On appeal, defendant questions whether legal title to the automobile driven and previously owned by Bush had passed to the law firm. There was testimony by Forsythe on cross-examination that "we were in the process of transferring [the title] to the firm, but it was an aborted transfer". However, under these facts the actual ownership of the automobile is immaterial since "[t]he test is whether under the contract of employment, construed in the light of all the attendant circumstances, there is either an express or implied undertaking by the employer to provide the transportation". Konopka v Jackson County Road Comm, 270 Mich. 174, 177; 258 N.W. 429 (1935); accord, Chrysler v Blue Arrow Transport Lines, 295 Mich. 606; 295 N.W. 331 (1940). See Pappas v Sport Services, Inc, 68 Mich. App. 423, 429; 243 N.W.2d 10 (1976). The test is satisfied here. See fn 6 infra.
Although the general rule of law is that injuries sustained by employees going to and coming from work are not compensable, Thomas v Certified Refrigeration, Inc, 392 Mich. 623, 631, fn 3; 221 N.W.2d 378 (1974); Dent v Ford Motor Co, 275 Mich. 39, 41-42; 265 N.W. 518 (1936); Hills v Blair, 182 Mich. 20, 26; 148 N.W. 243 (1914), "this is not the ordinary case of an employee going to and from his work but one where the employee was engaged in a special mission in the interest of and at the direction of his employer", LeVasseur, supra, 123 (emphasis added). Travel to and from the special mission is in the course of employment and would normally come within the protection of the Worker's Disability Compensation Act. As Professor Larson noted:
While the general rule continues to be that going to and coming from one's employment is not covered under the act, the rule is riddled with exceptions including situations where 1) the employee is on a special mission for the employer, LeVasseur, supra, 338 Mich. 121; 2) the employer derived a special benefit from the employee's activity at the time of the injury, Nemeth v Michigan Building Components, 390 Mich. 734; 213 N.W.2d 144 (1973); 3) the employer paid for or furnished employee transportation as a part of the contract of employment, Chrysler, supra, 295 Mich. 606; 4) the travel comprised a dual purpose combining the employment-required business needs with the personal activity of the employee, Burchett v Delton-Kellogg School, 378 Mich. 231; 144 N.W.2d 337 (1966); 5) the employment subjected the employee to "excessive exposure to the common risk" such as traffic risks faced by a truck rider deadheading to his rig, Chrysler, supra, 609, quoting Cudahy Packing Co v Parramore, 263 U.S. 418, 425; 44 S.Ct. 153; 68 L.Ed. 366 (1923); and 6) the travel took place as a result of a split shift working schedule, Howard v Detroit, 377 Mich. 102; 139 N.W.2d 677 (1966), or employment requiring a similar irregular nonfixed working schedule, Wilhelm v Angell, Wilhelm Shreve, 252 Mich. 648; 234 N.W. 433 (1931).

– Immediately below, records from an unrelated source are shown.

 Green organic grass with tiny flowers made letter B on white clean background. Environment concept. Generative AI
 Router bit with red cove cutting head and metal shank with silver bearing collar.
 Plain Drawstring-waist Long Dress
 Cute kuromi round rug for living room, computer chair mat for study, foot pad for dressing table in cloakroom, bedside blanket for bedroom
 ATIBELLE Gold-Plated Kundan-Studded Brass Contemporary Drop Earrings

"When an employee, having identifiable time and space limits on his employment, makes an off-premises journey which would normally not be covered under the usual going and coming rule, the journey may be brought within the course of employment by the fact that the trouble and time of making the journey, or the special inconvenience, hazard, or urgency of making it in the particular circumstances, is itself sufficiently substantial to be viewed as an integral part of the service itself." 1 Larson, Workmen's Compensation Law, § 16.10, p 4-123 (footnotes omitted).

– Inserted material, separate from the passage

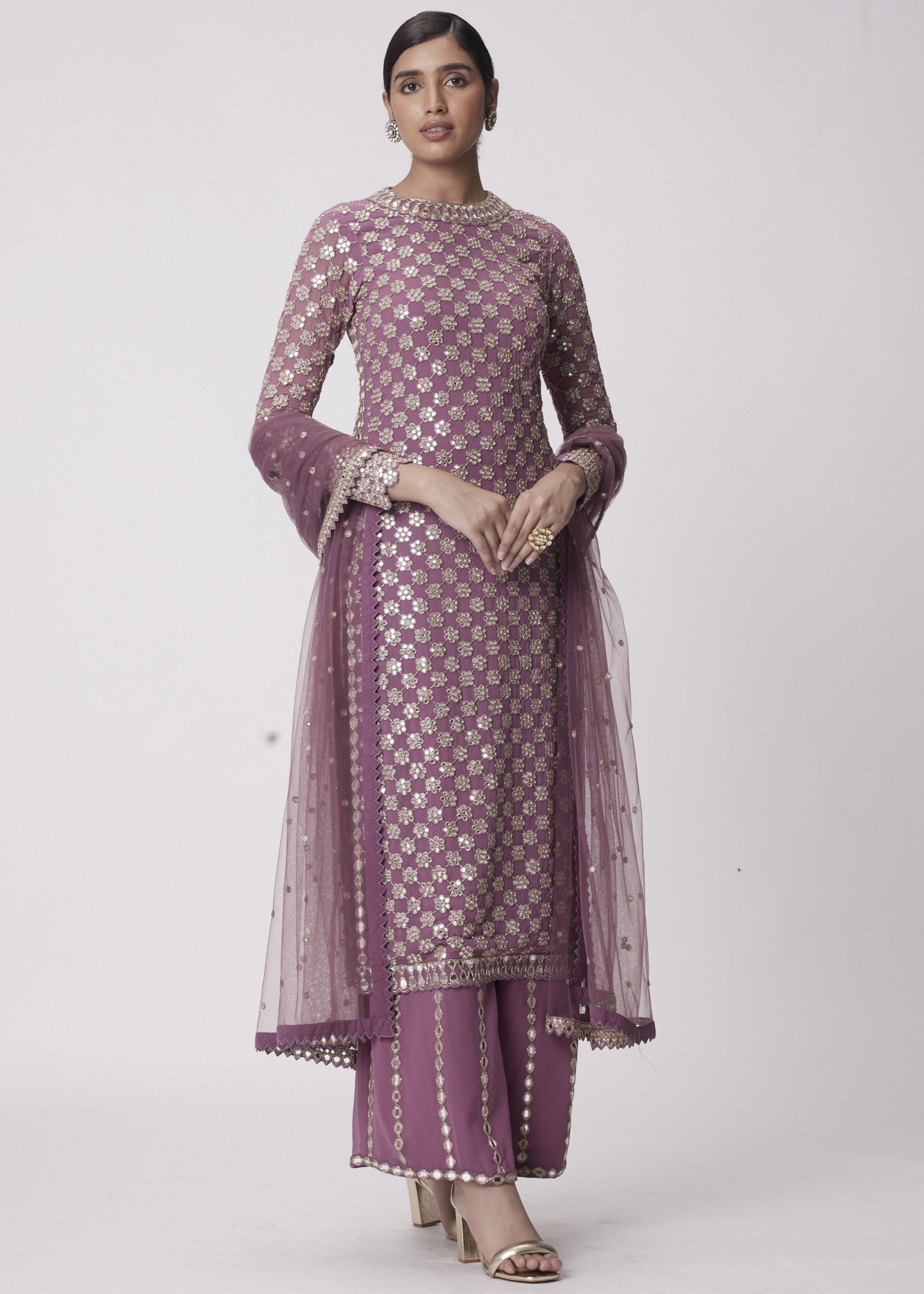 Mud Mauve Straight Kurta Set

Therefore, it is undisputed that decedent was within the course of his employment traveling to, attending and returning from the Grand Rapids seminar. The question remains, however, whether decedent was still in the course of his employment after completing a seven- to eight-hour deviation within a few miles of his home.
IV. THE EMPLOYMENT NEXUS MAY BE BROKEN
In reversing the original WCAB ruling denying benefits, the Court of Appeals held:
"[U]nder the circumstances of this case the nature of the deviation has no relevant connection with decedent's untimely demise. Whether decedent spent eight hours, from the end of the seminar until resuming his trip home, in pursuit of `Bacchanalian pleasures', or instead spent those hours engaged in more laudable conduct, such as by improving his mind in the public library or redeeming his soul at a religious institution of his choice, has no relationship to the circumstances or cause of his death.
"Our decision might, of necessity, be different if decedent died as a result of drunk driving, for then his arguably wrongful conduct, becoming drunk in the service of his employer, would be the proximate cause of his death and it is well established that under such circumstances compensation may be denied. Crilly v Ballou, 353 Mich. 303, 327; 91 N.W.2d 493 (1958). Nor do we find the mere passage of time controlling or even particularly relevant. Except in unusual circumstances not here present, the timing of the trip bears no relationship to its hazards, and it is the general hazards which allow liability for injury to be imposed on the employer in the first place. Stark v L E Myers Co, 58 Mich. App. 439, 443; 228 N.W.2d 411 (1975), lv den 394 Mich. 814.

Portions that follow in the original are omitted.